Two on the Twelfth: Sutton and Twyford (Photo by Stan Barouh ) |
Has enough time passed since the horror of September 11 that the terrorists’ New York City target — the World Trade Center — is safe territory for fictional exploration? Playwright Craig Wright clearly thinks so.
I, however, am not nearly so sure.
Wright’s Recent Tragic Events, receiving its world premiere production by Woolly Mammoth Theatre Company, is ultimately about the tension between how much control — if any — we have over the course of our lives, and what’s left up to the cosmic forces of destiny. Wright examines such philosophical matters by making up the story of Wendy, a New Yorker unaccounted for the day after September 11, and the people in her life who become unglued in the process of tracking her down.
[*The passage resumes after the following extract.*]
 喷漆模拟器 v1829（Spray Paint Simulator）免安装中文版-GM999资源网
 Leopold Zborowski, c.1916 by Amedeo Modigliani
As far as sheer inventiveness goes, Wright’s narrative skills are in fine working condition. Far-fetched circumstances connect Wendy to Andrew (Eric Sutton) and Waverly (Holly Twyford), thirty-something singles together on a blind date in Minneapolis on September 12, 2001. Still, the intricacies of the tale are perfectly believable, and the story is intriguing as far as nonexistent people impacted by September 11 go. Therein lies the problem.
Today, so close to the first anniversary of September 11, while so many stories of real lives lost remain untold, I simply couldn’t care less about the play’s characters. That’s not to say Twyford doesn’t give a fine performance, as usual. That’s not to say Sutton isn’t on-target with his subtle portrayal of Andrew’s hesitance and loneliness, or that director Michael John Garcés doesn’t lend a nicely steadying hand when the playwright throws in overly precious tactics for tearing down the "fourth wall" between actors and audience.
It’s been recently proven on stage by The Laramie Project that truth is not only stranger than fiction, it’s exceedingly important to explore in times of national crisis. I just wasn’t able to make the emotional investment in the imaginary realm of Recent Tragic Events that it demands to fully succeed. Are you?
Through Sept. 29th at the DCJCC Goldman Theater, 1529 16th St. NW. Tickets are $21 to $34. Call 202-393-3939. Visit www.woollymammoth.net.
Take one look at Walt Spangler’s surreal, gravity-defying set for The Winter’s Tale at The Shakespeare Theatre, and no doubt remains that director Michael Kahn intends to take you on the most fantastical of rides through one of Shakespeare’s most fantastical tales. But with hardly a non-precarious perch to be seen on stage, it’s also clear — intentionally or not — that this isn’t the most solid ground Shakespeare has given either actors or audience to stand on.
The tragi-comedy is anchored by King Leontes of Sicilia (Philip Goodwin), who suspects for no real reason that his pregnant wife Hermione (Lise Bruneau in a nicely nuanced turn) is having an affair with his visiting boyhood friend, King Polixenes of Bohemia (Brent Harris). Goodwin and Kahn make a valiant effort to cast Leontes in a sympathetic light, more the victim of temporary insanity as he imprisons Hermione and orders her newborn abandoned in the wilderness, only to turn remorseful immediately after the deed is done.
Perhaps, though, that isn’t the best tactic. What if this Leontes was a flamboyantly tyrannical ass instead of the brooding Sturm und Drang Romantic that Goodwin’s performance, along with Catherine Zuber’s gorgeous costuming, suggests? It could also better complement the play’s wrenching shift, across time and temperament, to the comic pastoral realms of Bohemia, where the Old Shepherd (David Sabin) has raised Perdita (Mireille Enos) as his daughter after finding her as an infant alone in the wilderness sixteen years earlier.
Sabin and Patrick Ellison Shea, as the Young Shepherd, are delightfully silly as boisterous, unrefined rural folk, though their lightheartedness makes Enos’s reserved, distant Perdita a bit of a puzzle. Slightly confounding as well are the ensuing plot twists that transport everyone to Sicilia for Leontes’s redemption. Still, The Winter’s Tale fascinates in spite of its flaws — more Shakespeare’s than The Shakespeare Theatre’s — and makes a worthwhile destination for an adventurous audience.
Through Oct. 20th at The Shakespeare Theatre, 450 7th St. NW. Tickets are $16 to $66. Call 202-547-1122. Visit www.shakespearetheatre.org.
Washington Shakespeare Company’s new season is off to an esoteric start with Jean Genet’s The Maids, an intense examination of domestic subjugation that begets madness and violence. For thematic reasons I can’t decipher, Genet intended for the play’s three female characters to be cast with male actors. This production, directed by Jose Carrasquillo (Blood Wedding at WSC), features Christopher Henley and Jeffrey Johnson in confidently stylized portrayals of sisters in service to a demanding mistress (Karl Miller), seen briefly but memorably. None of it may scream, “That’s entertainment!” but it’s certainly a competent effort if Genet is your cup of tea.